Jika seseorang mulai menapaki ketundukan terhadap Allah melalui ruang spiritual, kiranya makna hidup mulai terbuka. Betapa berarti dan berharganya mencari makna hidup tentang diri sendiri yang berkait erat dengan tujuan hidup yakni kehidupan yang bahagia.
Resep Hidup Bahagia Imam Al-Ghazali
Setelah menapaki kesadaran ruang spiritual untuk membuka makna hidup, selanjutnya menemukan resep hidup bahagia. Menurut Imam Al-Ghazali kebahagiaan adalah ketika bahagia dan kelezatan yang sejati yakni bilamana dapat mengingat Allah Swt.

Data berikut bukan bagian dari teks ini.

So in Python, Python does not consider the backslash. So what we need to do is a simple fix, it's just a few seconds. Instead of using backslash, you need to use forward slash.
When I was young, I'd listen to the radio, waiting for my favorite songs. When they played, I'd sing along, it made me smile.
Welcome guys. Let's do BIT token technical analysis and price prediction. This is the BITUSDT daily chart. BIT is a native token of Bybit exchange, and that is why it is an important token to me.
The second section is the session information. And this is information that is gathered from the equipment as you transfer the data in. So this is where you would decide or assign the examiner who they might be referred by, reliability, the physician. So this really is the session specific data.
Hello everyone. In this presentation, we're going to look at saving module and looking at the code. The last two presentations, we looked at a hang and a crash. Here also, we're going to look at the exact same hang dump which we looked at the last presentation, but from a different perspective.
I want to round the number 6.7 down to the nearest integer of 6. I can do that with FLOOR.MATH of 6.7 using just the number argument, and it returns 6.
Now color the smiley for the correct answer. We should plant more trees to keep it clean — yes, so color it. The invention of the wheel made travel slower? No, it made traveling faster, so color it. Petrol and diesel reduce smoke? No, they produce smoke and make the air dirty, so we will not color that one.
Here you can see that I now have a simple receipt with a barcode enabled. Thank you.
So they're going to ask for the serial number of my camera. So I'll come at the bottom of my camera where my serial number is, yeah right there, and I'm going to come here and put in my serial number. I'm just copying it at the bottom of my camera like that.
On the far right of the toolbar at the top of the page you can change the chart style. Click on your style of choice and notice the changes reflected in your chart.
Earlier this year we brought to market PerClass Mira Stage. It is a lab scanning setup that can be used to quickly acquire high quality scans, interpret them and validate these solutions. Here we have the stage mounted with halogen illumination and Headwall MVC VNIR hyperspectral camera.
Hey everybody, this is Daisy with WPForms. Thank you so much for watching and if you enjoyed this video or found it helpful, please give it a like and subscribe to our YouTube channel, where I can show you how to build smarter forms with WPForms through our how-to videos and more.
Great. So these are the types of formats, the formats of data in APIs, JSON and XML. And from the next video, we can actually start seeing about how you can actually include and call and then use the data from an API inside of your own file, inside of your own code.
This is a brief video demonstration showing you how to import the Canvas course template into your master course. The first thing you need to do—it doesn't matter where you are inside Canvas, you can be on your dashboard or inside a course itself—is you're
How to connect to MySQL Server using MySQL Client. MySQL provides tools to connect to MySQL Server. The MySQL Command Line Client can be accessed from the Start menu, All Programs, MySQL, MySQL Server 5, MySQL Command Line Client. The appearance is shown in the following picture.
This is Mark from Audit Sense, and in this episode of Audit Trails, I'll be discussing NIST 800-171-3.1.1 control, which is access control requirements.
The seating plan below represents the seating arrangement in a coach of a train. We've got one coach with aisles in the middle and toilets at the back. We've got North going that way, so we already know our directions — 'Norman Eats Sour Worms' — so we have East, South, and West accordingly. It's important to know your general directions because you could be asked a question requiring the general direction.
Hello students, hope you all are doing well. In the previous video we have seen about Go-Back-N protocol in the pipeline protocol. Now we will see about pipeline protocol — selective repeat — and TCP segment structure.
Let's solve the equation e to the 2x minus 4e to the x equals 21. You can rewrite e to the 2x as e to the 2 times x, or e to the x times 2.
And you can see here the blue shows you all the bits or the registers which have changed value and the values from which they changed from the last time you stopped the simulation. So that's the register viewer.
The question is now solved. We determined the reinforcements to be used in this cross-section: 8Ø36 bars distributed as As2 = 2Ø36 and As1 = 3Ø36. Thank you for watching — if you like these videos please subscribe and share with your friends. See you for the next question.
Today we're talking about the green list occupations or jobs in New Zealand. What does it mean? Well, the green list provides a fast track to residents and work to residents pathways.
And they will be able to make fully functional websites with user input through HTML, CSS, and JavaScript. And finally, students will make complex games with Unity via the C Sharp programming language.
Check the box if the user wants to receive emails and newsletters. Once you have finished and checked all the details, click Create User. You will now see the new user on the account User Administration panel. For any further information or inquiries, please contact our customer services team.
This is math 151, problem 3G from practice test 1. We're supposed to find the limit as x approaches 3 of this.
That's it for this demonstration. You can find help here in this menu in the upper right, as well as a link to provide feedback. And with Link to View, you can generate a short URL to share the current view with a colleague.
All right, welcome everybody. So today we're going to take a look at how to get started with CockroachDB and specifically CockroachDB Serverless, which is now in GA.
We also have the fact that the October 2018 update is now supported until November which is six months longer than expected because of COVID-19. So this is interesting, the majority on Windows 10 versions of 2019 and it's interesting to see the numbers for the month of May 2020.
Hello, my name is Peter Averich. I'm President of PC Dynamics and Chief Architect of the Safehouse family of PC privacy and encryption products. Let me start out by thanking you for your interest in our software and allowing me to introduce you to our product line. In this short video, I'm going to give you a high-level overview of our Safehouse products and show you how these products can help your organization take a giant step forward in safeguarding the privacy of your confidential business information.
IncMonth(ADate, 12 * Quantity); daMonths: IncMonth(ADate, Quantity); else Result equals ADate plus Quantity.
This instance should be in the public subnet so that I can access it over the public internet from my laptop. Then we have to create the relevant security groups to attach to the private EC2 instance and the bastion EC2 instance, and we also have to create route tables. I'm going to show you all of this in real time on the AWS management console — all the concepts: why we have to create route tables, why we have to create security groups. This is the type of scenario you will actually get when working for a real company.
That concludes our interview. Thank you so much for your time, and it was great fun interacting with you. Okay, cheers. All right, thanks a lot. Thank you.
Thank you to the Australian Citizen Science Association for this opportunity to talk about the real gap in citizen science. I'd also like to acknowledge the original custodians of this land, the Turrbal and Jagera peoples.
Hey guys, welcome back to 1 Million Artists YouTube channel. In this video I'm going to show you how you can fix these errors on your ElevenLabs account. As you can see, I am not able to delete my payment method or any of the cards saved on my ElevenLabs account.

Sedangkan bahagia menurut salah satu firman Allah Swt:
يَوْمَ يَأْتِ لَا تَكَلَّمُ نَفْسٌ إِلَّا بِإِذْنِهِ فَمِنْهُمْ شَقِيٌّ وَسَعِيْدٌ
“Dikala datang hari itu, tidak ada seorang pun yang berbicara, melainkan dengan izin-Nya; maka di antara mereka ada yang celaka dan ada yang berbahagia.” (QS. Al-Hud: 105)
Pengertian bahagia ini menunjukkan bahwa kebahagiaan adalah soal bagaimana kondisi hati menerima dengan penuh keyakinan. Misalnya, seseorang ditimpa sakit ia mampu mempertahankan keimanannya meskipun dalam kondisi sakit. Bahwa rasa sakit adalah anugerah Allah Swt kepada setiap hambanya.
Sedangkan dalam pandangan Imam Al-Ghazali kebahagiaan seorang hamba adalah ia berhasil mencapai marifatullah atau mengenal Allah Swt. Imam Al-Ghazali memandang bahwa kebahagiaan tiap-tiap sesuatu ialah bila rasa nikmat atau kesenangan dan kelezatannya dan kelezatan itu adalah menurut tabiat kejadian masing-masing.
Jadi kelezatan ini adalah menyaksikan suatu obyek yang indah, kenikmatan yang dapat didengar dan yang merujuk pada kekuatan indra manusia.